Improving traffic signal synchronization will help, but not solve the congestion issue on Loop 360. Currently, the corridor’s traffic signals are manually configured and do not “talk” to each other. Therefore, any timing tweaks must be made on-site to each individual signal, and any tweaks to one signal do not affect any other signals along the corridor. The program team is currently working to identify potential signal upgrades and timing improvements that would provide some relief in light to moderate traffic conditions. However, such improvements would have little to no effect during peak traffic times unless they are accompanied by more significant design and/or capacity improvements – there are simply too many cars trying to move through each intersection to avoid sitting through multiple signals.

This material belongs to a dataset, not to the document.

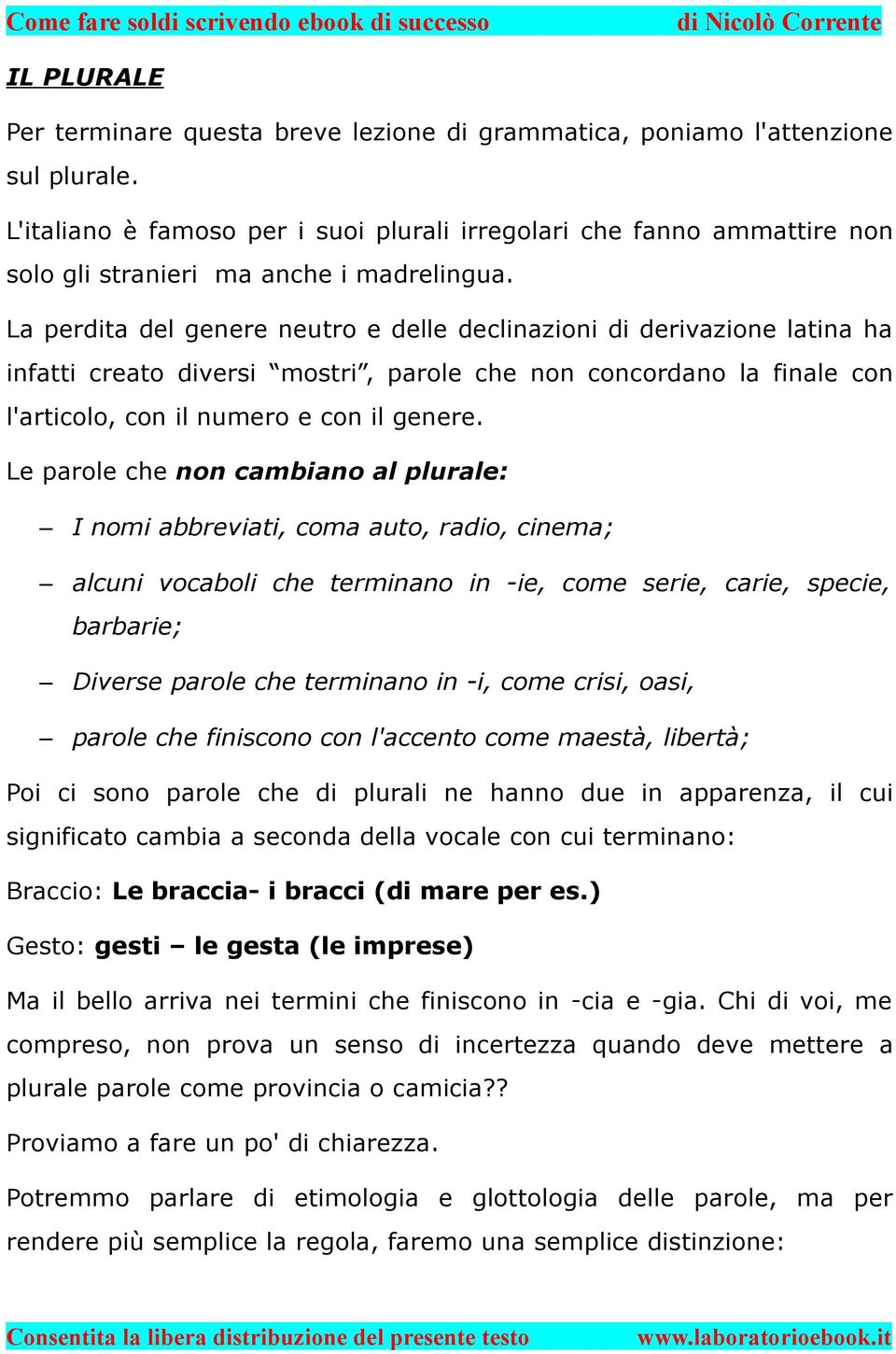 La perdita del genere neutro e delle declinazioni di derivazione latina ha infatti creato diversi mostri, parole che non concordano la finale con l'articolo, con il numero e con il genere.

All proposed improvements, including intersection and additional capacity improvements, will assume that traffic signals will be upgraded and synchronized to the greatest extent possible.
Dark-Sky lighting is a design approach that preserves and protects the nighttime environment by using properly-shielded outdoor lighting equipment that reduces light pollution outside of right of way.
The International Dark-Sky Association (IDA) is the recognized authority on light pollution worldwide and is the entity who determines whether a certain area qualifies as a "Dark-Sky Place." There are currently only three Dark-Sky Places located near Austin, including the town of Dripping Springs, and the River Hills and Lost Creek neighborhoods.
In the fall of 2018, the Loop 360 project team began to gather public input on Context Sensitive Solutions (CSS) for the corridor. CSS is a collaborative approach to developing roadways that fit within their surroundings, and it includes components such as lighting. Although the lighting specifications under consideration for Loop 360 may not meet International Dark-Sky standards, TxDOT is partnering with the City of Austin to add lighting features that will preserve the natural look of the night skies along Loop 360. The Loop 360 projects must include lighting on ramps and at intersections to ensure safety and security. Lighting options are still being evaluated, but might include low-level, LED lighting that focuses lighting downward, prevents glare, and preserves the nighttime aesthetic of the community.